We talked about what we were wearing. Were we overdressed, underdressed? We decided it was neither. We knew very little about the facility for which we were headed, other than they offered help for my son and those like him.

The hospital I speak of is a behavioral healthcare facility. It treats those who are diagnosed with a mental illness and who are also chemically dependent on drugs other than those prescribed legally. These patients are referred to as DDs (dual diagnoses). Mental illness is not new to us, but illegal drug addiction is new.

We arrived around 6:15PM and were directed to a large sitting area, met by two somber looking guards who questioned our purpose for being there. They instructed us to turn off cell phones and not make calls while in the building.

Soon after, a group of patients, my son included, arrived and they, plus all who had traveled there this night, were led down a long corridor into a conference room.

The presenter of the meeting began her talk by stating that having mentally ill people in a family meant that none of its members lived a normal lifestyle. She said, without the slightest hint of uncertainty, that we are as abnormal as they in the ways in which we conduct our lives in order to accommodate theirs.

I’m convinced that all present were already aware of that bit of information. Surprisingly, hearing someone actually say those words out loud produced a sense of calm in me. I know we, as a family, behave strangely in some situations and now I know that, for us, it is normal when we, on occasion, conduct our lives in ways that appear abnormal.

As I sat there and continued to listen, I started thinking about a meeting with the elementary school psychologist many years ago discussing my son’s abnormal behavior. I remember asking her to define “normal.” She stated that “normal” is what the majority of the people do. We now know what happened to our country as a result of what the majority of the people chose to do four years ago. I don’t know what this tells you, but it tells me that maybe normal isn’t always what it’s cracked up to be.

Family night on Christmas Eve 2008, was not what we planned or could have imagined. It turned out to be DD patients and family members brought together for a lecture relating to their illness and addiction.

There were no goodies, caroling or merriment - only plastic trees and strung-up snowflake cut-outs. We were where we needed to be. We learned some things and hopefully contributed in some way.

[EDITORIAL NOTE: All elders, 50 and older, are welcome to submit stories for this blog. Instructions are here.]

Posted by Ronni Bennett at 02:30 AM | Permalink | Email this post

Comments


Claire Jean,

Your story made me very sad for you and all of the other people who spent Christmas Eve in this way..

There are so many other days and nights of the year when you all could have met. Why Christmas Eve?

I am so sorry that your son has problems but could you not have visited him privately and shared the Chinese dinner and some family memories with him?

I wonder why the presenter thought it appropriate to have the meeting on a holiday eve.

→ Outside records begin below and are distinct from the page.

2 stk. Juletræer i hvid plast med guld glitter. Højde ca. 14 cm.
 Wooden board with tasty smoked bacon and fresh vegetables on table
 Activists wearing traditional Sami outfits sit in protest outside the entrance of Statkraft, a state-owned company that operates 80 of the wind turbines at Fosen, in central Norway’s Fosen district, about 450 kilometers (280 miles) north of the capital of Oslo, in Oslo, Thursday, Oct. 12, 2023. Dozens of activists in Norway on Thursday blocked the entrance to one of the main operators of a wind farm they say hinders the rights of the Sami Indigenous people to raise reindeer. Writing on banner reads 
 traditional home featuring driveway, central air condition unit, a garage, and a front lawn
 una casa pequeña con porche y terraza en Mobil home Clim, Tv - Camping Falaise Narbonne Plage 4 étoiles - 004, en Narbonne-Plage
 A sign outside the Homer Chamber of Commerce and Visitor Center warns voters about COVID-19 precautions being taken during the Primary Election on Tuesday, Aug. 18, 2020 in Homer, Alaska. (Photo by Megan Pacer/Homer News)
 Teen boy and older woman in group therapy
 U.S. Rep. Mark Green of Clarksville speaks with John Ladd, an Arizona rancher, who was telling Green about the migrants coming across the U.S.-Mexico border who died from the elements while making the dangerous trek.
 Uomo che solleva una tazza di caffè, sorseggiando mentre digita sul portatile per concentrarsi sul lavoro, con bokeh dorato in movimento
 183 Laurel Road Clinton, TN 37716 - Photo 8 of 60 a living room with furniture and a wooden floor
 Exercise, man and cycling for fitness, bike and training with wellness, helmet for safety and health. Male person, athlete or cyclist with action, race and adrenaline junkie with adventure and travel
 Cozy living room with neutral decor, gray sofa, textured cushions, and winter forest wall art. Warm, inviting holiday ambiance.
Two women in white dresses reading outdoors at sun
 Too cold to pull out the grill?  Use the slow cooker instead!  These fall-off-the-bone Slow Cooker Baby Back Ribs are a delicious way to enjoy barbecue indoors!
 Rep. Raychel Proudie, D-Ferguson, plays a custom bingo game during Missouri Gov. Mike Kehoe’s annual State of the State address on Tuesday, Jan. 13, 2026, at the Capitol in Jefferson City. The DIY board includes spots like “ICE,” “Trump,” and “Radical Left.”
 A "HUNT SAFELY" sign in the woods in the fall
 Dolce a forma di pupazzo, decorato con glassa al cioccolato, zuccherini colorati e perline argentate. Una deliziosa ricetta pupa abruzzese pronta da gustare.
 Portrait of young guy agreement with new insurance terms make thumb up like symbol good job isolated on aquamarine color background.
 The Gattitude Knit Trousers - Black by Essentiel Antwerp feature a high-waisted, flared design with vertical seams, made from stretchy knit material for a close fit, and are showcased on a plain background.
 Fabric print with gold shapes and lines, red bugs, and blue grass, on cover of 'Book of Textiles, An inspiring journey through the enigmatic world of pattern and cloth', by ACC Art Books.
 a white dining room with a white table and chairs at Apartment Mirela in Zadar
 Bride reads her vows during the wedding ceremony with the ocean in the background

Judging from the rest of your story and from events you have told us about before, you have spent a great deal of your time and emotions dealing with your son; why did they sort of foist this meeting onto you and your husband and son at such an inappropriate time?

As I said in the beginning it made me very sad for you to read this story.

I hope things are better for your family now..

Thank you Nancy, for your comment.
Many times my husband and I do feel helpless and hopeless, but we are fortunate in that we do have a life. We’re able to participate and enjoy all the things that “normal people” take pleasure in. The tragedy is that these ill people have been robbed of even the simplest pleasures of life.
Strange as it might sound, Christmas Eve this past year turned out to be somewhat peaceful, since we did not have to concern ourselves about our son’s behavior.
We were all in the same boat. No one batted an eye at whatever anyone said or did.
We were given a little time to spend alone with our family member after the meeting which we did.